Mardin Museum is a museum in Mardin, Turkey

==Location and history==

The museum is to the north of the Cumhuriyet Street at .

The former museum of Mardin was in Zincirli Medrese, a building constructed by the Artukids in the 14th century. The present museum was opened in 1995.

The museum building was constructed by the Syriac Catholic Church of Antioch in 1895. In the 20th century besides being a religious office, the building was used for various services. The Ministry of Culture purchased the building and after restoration it was opened as a museum in 1995 .

The building was made of cut limestone.
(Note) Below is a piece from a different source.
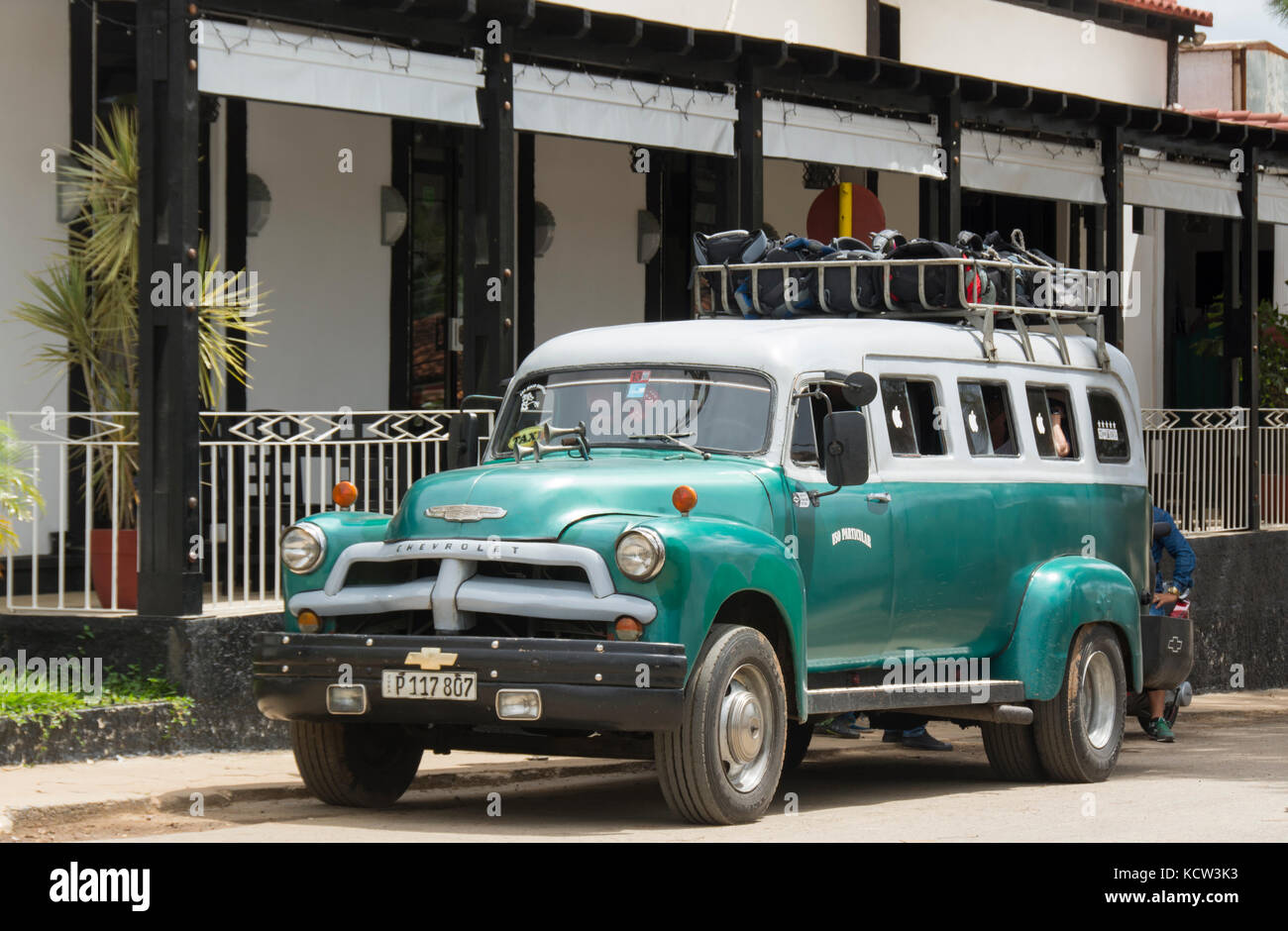 Alte Chevrollet Minibus, Vinales, Kuba Stockfoto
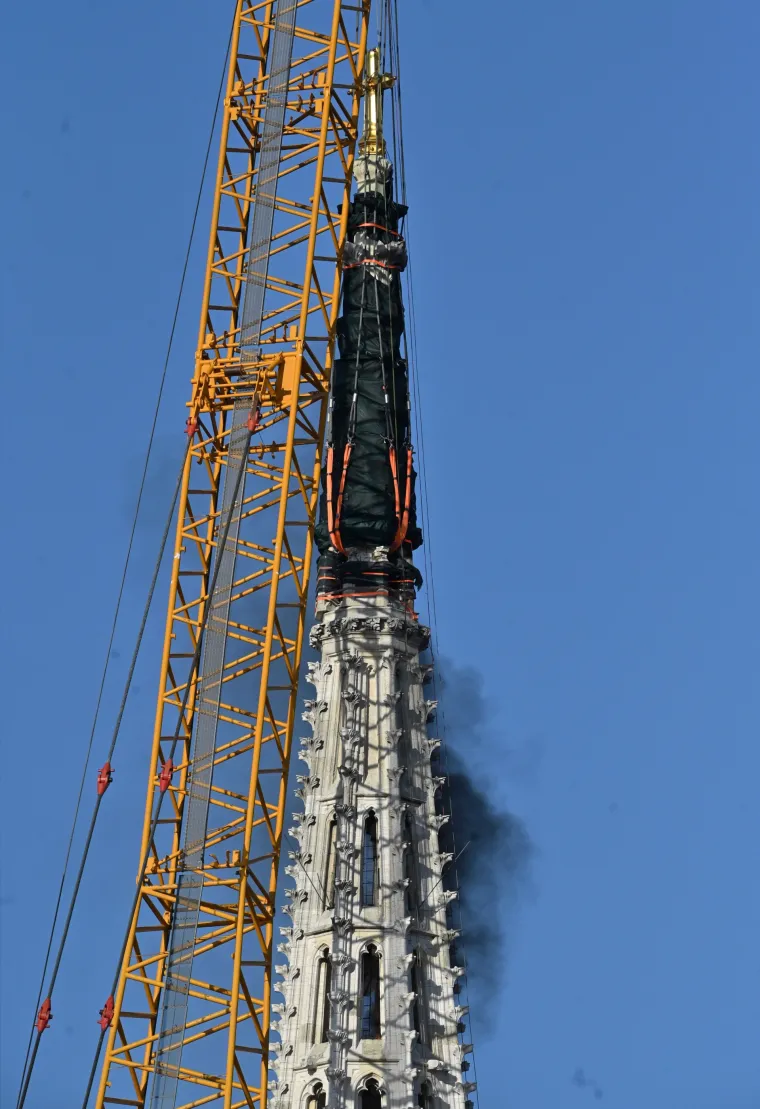 Tisuće ljudi pratilo je ru&scaron;enje tornja katedrale: 'Dugo smo čekali, bilo je te&scaron;ko za gledati'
There are unique ornaments on the internal and external vaults, arches, rails and column heads. It is a three-storey building. Reception, conference, exhibition and resting halls are in the ground floor. The ethnography hall and library are in the upper floor. The uppermost floor is reserved for administrative offices and the archaeology section.

==Exhibited items==
Mardin area and especially Midyat ilçe (district) is known for silver works In the ethnography hall, necklaces, earrings, bracelets, anklets, diadems, hair jewelry and copper and silver ornaments are exhibited. There are also clothes, swords, prayer beads, and coffee sets (locally known as mırra).

In the archaeological halls, tools from old Bronze Age, Assyrian, Urartu, Hellenistic, Achaemenid Empire, Roman Empire, Byzantine Empire, Seljuks, Artukids and the Ottoman Empire are exhibited. These are stamps, figurines, jewelry, ceramics, coins, tear bottles, candles etc.